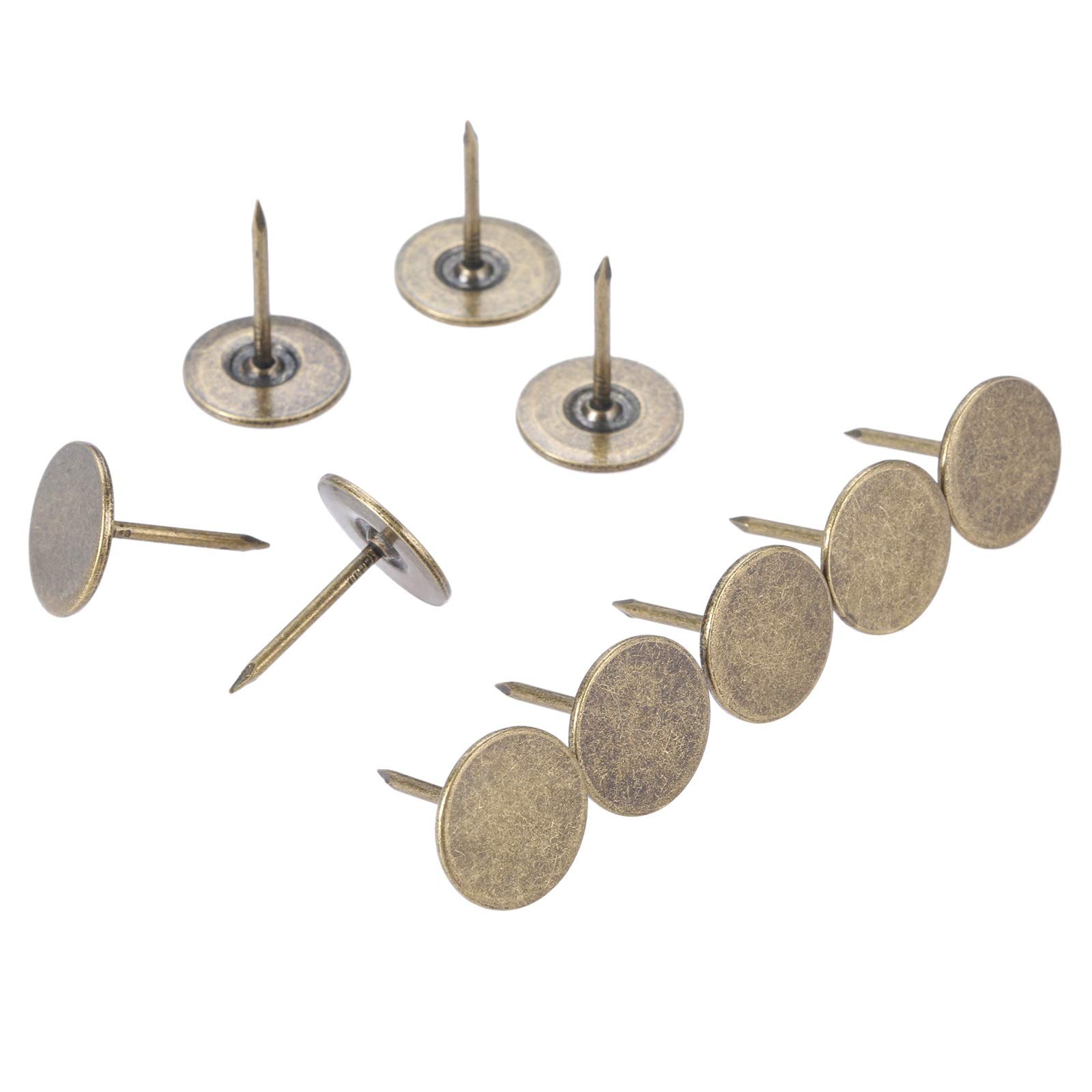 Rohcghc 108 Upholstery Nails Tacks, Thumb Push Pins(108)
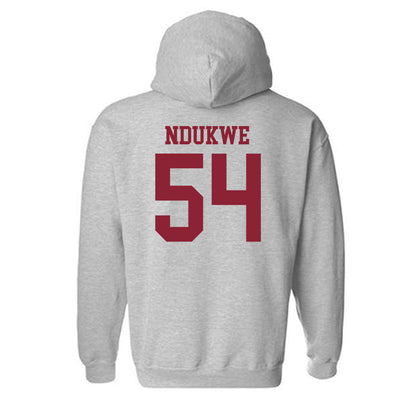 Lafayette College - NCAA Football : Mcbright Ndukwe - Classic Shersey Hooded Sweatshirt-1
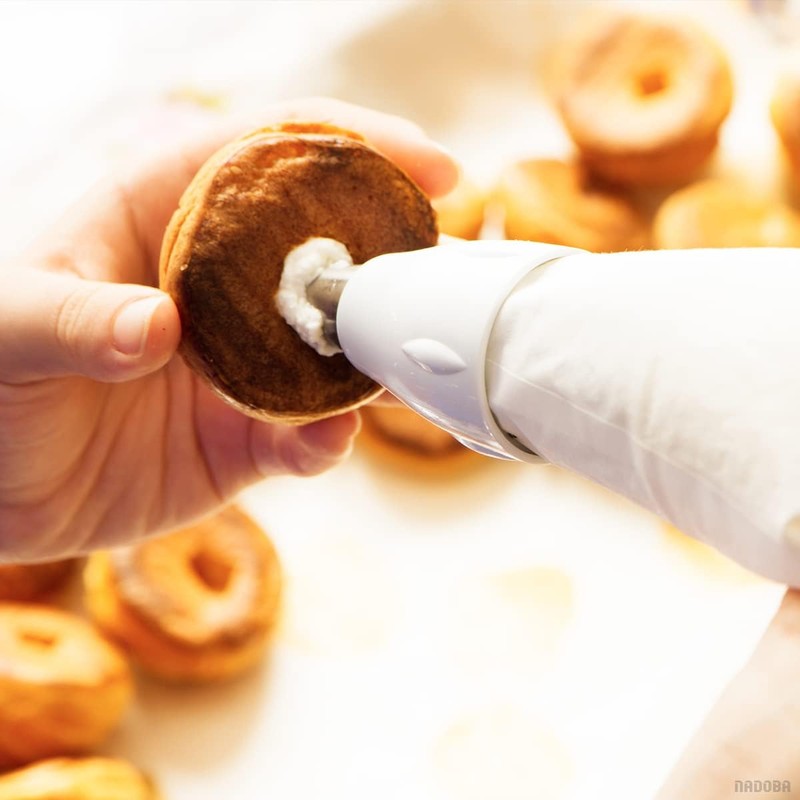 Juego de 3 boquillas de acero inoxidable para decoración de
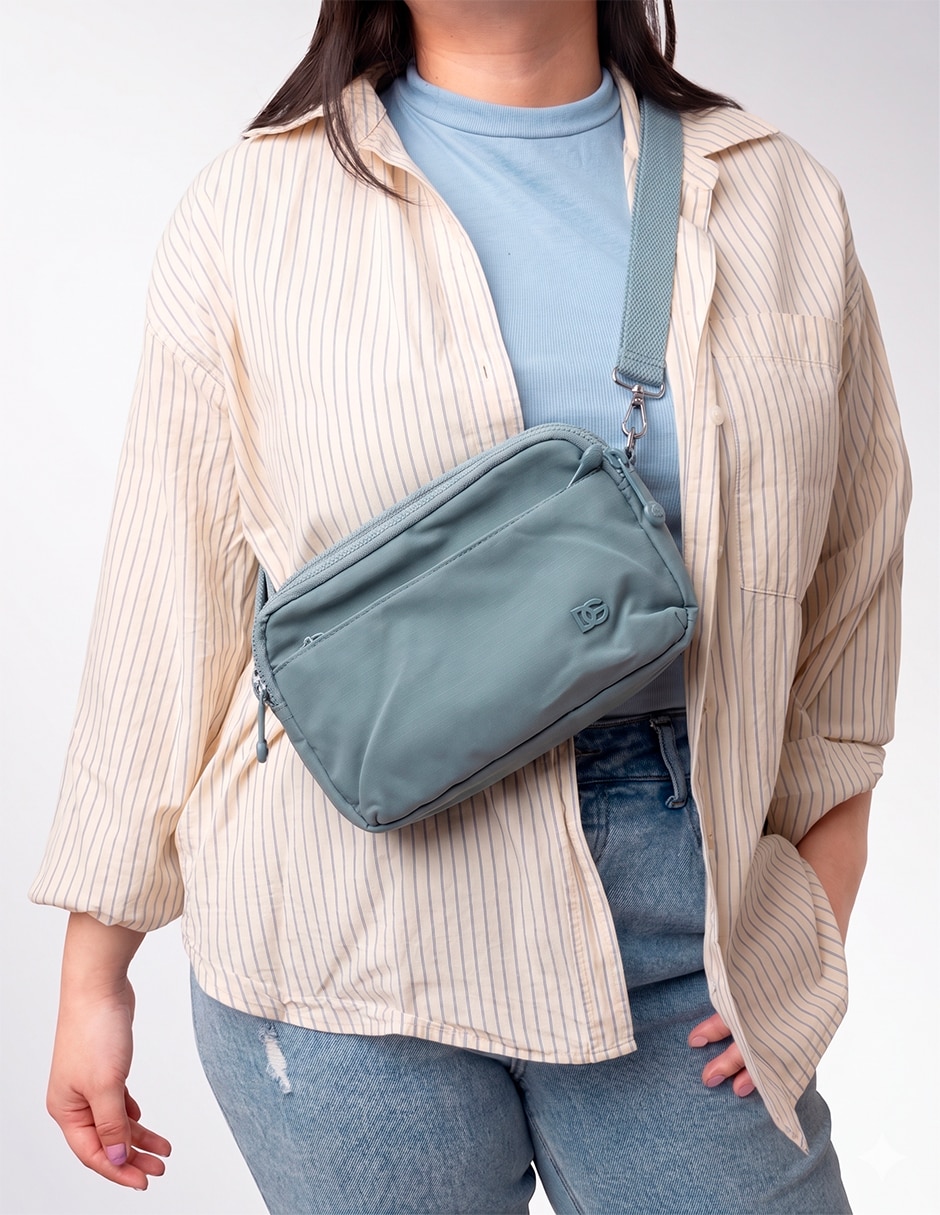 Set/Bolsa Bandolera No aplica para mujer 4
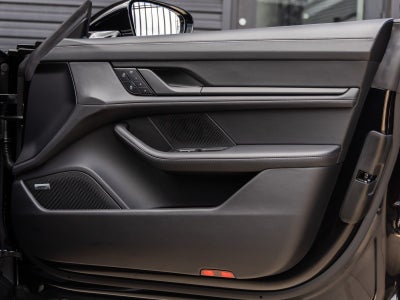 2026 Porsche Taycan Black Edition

• [TASK STATEMENT]
Quote exactly, and only, the lines from the line containing "Lafayette College - NCAA" through the final line of the records above, both included, omitting any pictures.

• [SOLUTION]
 Lafayette College - NCAA Football : Mcbright Ndukwe - Classic Shersey Hooded Sweatshirt-1
 Juego de 3 boquillas de acero inoxidable para decoración de
 Set/Bolsa Bandolera No aplica para mujer 4
 2026 Porsche Taycan Black Edition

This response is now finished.